Every rustc version is bootstrapped using the previous version. For example rustc 1.44.0 is bootstrapped using rustc 1.43.0. This is the same way that C/C++ compilers are bootstrapped using previous versions of themselves.
"written in OCaml" may not means what you think. Say for Java, the javac, Java compiler, is written in Java. But the JVM is mostly written in C. What does the Java is written in?
Rust uses LLVM for code optimization, so there's some C/C++ involved. However, Rust uses LLVM only because it's a very useful back-end, not because it needs C. The Rust-specific parts are not written in C, and never were.
There are also other ways to run Rust like miri and cranelift back-end, so theoretically you can run Rust using 100% Rust compiler with a Rust back-end.
However, if you'd like to read sources of a Rust compiler written in C, there is an alternative Rust implementation written in C++:
The language that a compiler is written in had no impact on whether the code it compiles can communicate directly with the kernel, the hardware, or anything else. Compiled native code is just a series of instructions and data that the hardware executes. The compiler just transforms your code into that form. You could write a compiler in bash if you put your mind to it.

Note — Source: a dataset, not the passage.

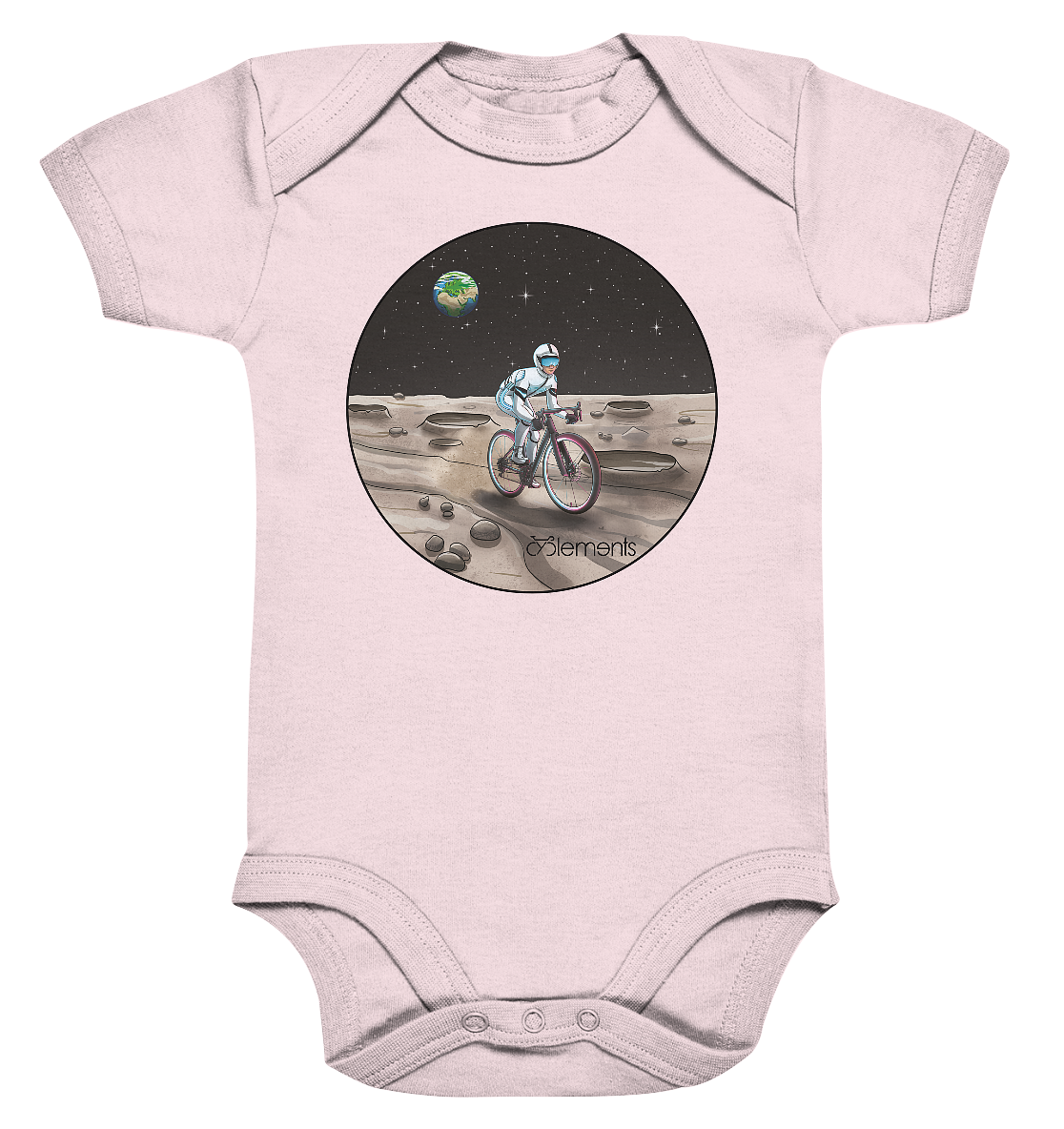 Riding to the Moon  - Organic Baby Bodysuite - Cyclements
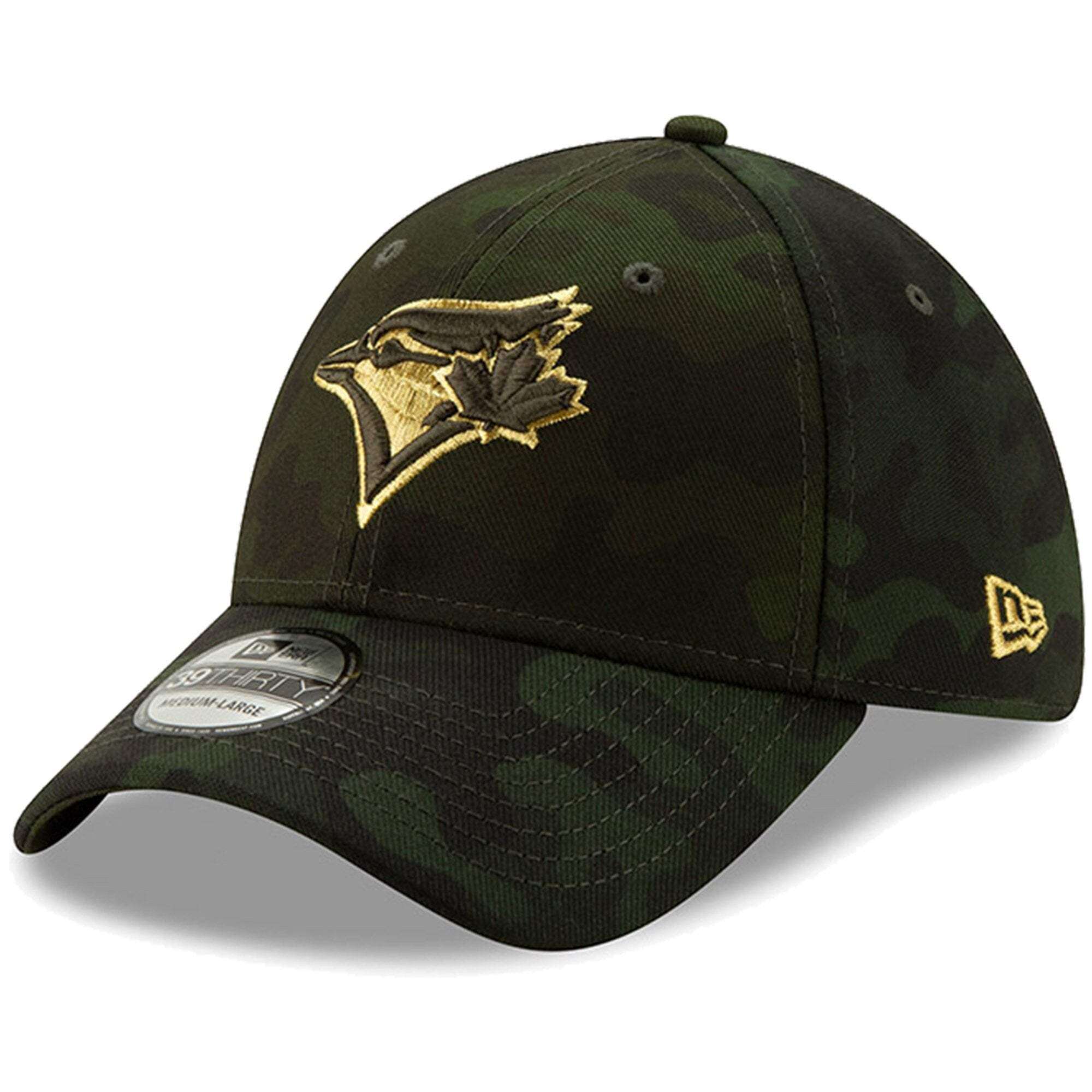Toronto Blue Jays New Era MLB 2019 Armed Forces 39THIRTY Stretch Fit Curved Hat - Camo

This is true for rustc specifically, but note that in general this does not hold: if I write a compiler for a new language in Java, there's no efficient way to communicate with the kernel, because JNI is not particularly efficient. So while it would technically still be possible, you would have a serious incentive to not do that, neither in the compiler nor in the language itself.
The language that a compiler is written in is not, in general, the same as the language output by the compiler. The efficiency of JNI only matters if the compiler is producing JVM bytecode, but it’s entirely possible to write a compiler in Java that translates Rust (or Python, or anything else) into x86-64 assembly.
FWIW rust code doesn't generally communicate with the kernel directly. Just like C code, it goes through the C library (which can be glibc, or something else like musl). Its mechanism for calling C functions is just as direct and efficient as that of C itself (no JNI or other abstraction) so this is not a problem for performance.